Enregistrement rare s’il en est, première mondiale, celui-ci – publié il y a plusieurs mois – avait échappé à notre attention. Seule la musicologie anglo-saxonne semble s’être intéressée à Ludford et à son œuvre, dont les éditions ont attendu les années 60-70 pour être connues. Si quelques formations d’Outre-Manche, particulièrement The Cardinall’ Musick, l’ont illustrée, dans d’autres pièces, c’est la première fois que ce répertoire déborde le Royaume-Uni.
Le nom de Dunstable, souvent associé à notre compositeur, est connu, sinon familier des amateurs de musique ancienne, mais celui de Ludford l’est moins (1), participant de la génération intermédiaire entre le premier et Byrd. Qualifié d’ « un des derniers génies méconnus de la polyphonie de l’époque Tudor » attaché à Westminster, son nom disparaît lors de la Réforme (David Skinner, après Bergsagel, chacun réalisant l’édition moderne de son œuvre). Il nous laisse un corpus impressionnant (ainsi 17 messes), dont le cycle marial des sept Lady masses, à trois parties, que nous connaissons à travers un manuscrit ayant appartenu à Henry VIII et à la très catholique Catherine d’Aragon.

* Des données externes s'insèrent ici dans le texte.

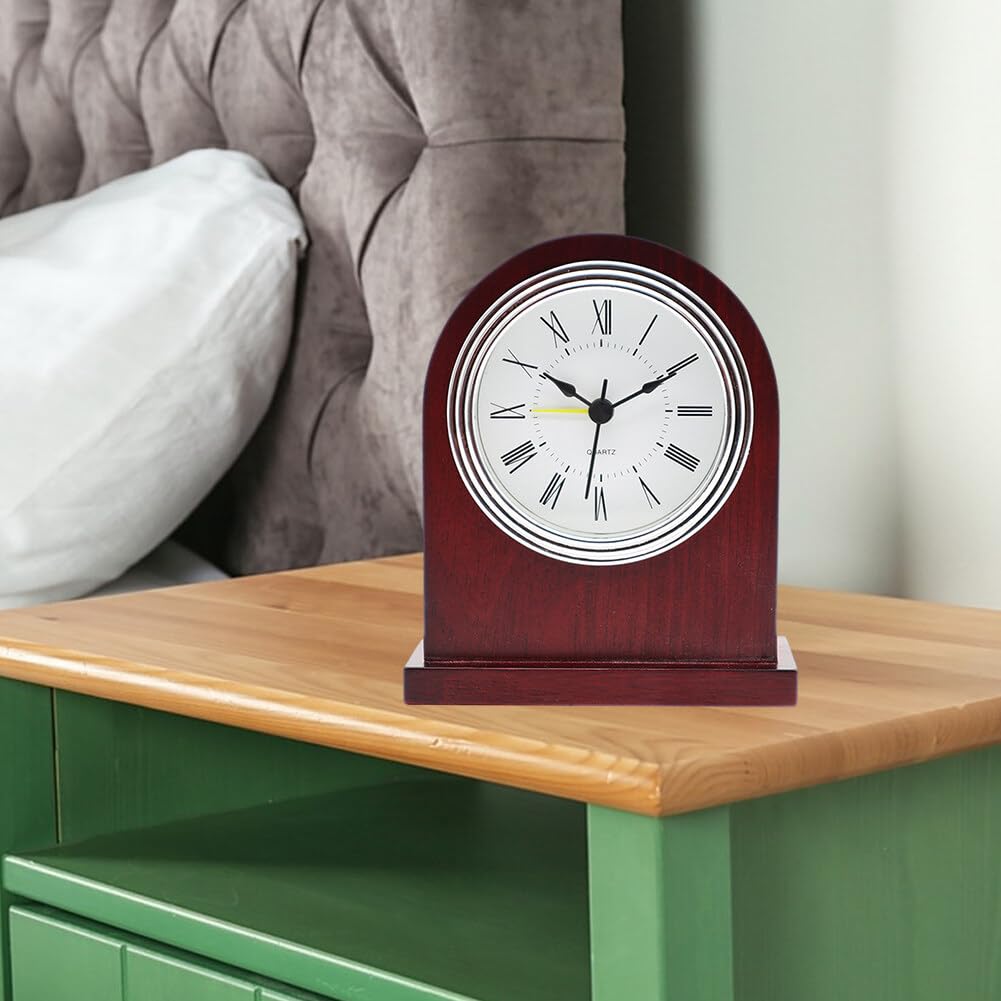 Réveil De Chevet En Bois Bordeaux - Silencieux, Sans Tic-tac, Avec Snooze - Horloge Analogique Pour Table De Nuit Ou Bureau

A en croire les théoriciens anglais du temps, cette musique fait appel à l’«ymaginacion » du chanteur, appelé à improviser un contrepoint sur la ligne de plain-chant. L’écriture de Ludford (2) en est l’illustration, autour de la teneur (confiée à la partie de ténor), et cette lecture confère une vie singulière à une musique que l’on redoutait austère. Le lecteur trouvera dans la New Oxford History of Music (III, pp. 335 sqq) les données les plus sûres relatives à la complexité du contrepoint.

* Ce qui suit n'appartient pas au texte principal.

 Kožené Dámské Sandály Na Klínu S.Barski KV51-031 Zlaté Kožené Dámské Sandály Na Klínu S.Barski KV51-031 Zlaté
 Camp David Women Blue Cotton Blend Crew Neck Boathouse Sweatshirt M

Plain-chant et polyphonie se nourrissent mutuellement plus qu’ils ne s’opposent. Pour nos oreilles, l’archaïsme est patent, de la formation, du contrepoint autour d’une teneur, des cadences. Nous sommes encore fort loin de la musique liturgique de Byrd, et encore davantage du chant anglican qui s’épanouira ensuite.
Trois chanteurs – Jérémie Couleau, initiateur de La Quintina, se charge de la teneur ; le superius est confié à Esther Labourdette, au timbre juvénile, à Sylvain Manet le contra, et Christophe Deslignes à l’orgue portatif, la formation est idéale pour ce style.
Comment rester insensible à la jubilation du Nowell sying we bothe qui ouvre le récital ? Sa vigueur rythmique, le traitement renouvelé de la mélodie s’impriment dans notre mémoire, servis par des voix qui ont plaisir à s’accorder avec l’orgue portatif. Le Kyrie qui suit, puissant malgré l’effectif, est un régal : Jérôme Couleau, qui a longuement mûri son projet, explicite son choix interprétatif dans la riche notice d’accompagnement (3) familier de ce répertoire (4), avec la réflexion musicologique la mieux documentée.
Les versets – monodiques dans leur notation manuscrite – sont ici considérés comme matériau à compléter, ainsi qu’ y invitent les écrits du temps, et le chatoiement intimiste qui s’en dégage suffit à lui seul à en valider le parti pris. L’intérêt ne se démentira pas tout au long de cette messe, deuxième du cycle de Ludford. Pendant du noël d’ouverture, tout d’abord une glose instrumentale, proprement inouïe, où l’on croit avoir affaire à trois instrumentistes, aux souffles et inflexions incroyables, un régal. Enfin, pour conclure, d’un anonyme, An hevenly songe, chanson d’édification où unissons et polyphonies alternent pour notre bonheur. Ajoutez à cela une prise de son qui nous offre tout, y compris les bruits du soufflet et de la mécanique, et vous aurez compris comment nous avons été conquis par cet enregistrement aussi courageux que gratifiant. A découvrir.
1. Contemporain de Taverner, entre autres, suivis de peu par Fairfax.
2. Comme celle de Whitbroke, dont des œuvres sont associées à celles de notre compositeur.
3. La riche bibliographie mentionnée, certainement exhaustive, donne envie d’approfondir l’œuvre de Ludford.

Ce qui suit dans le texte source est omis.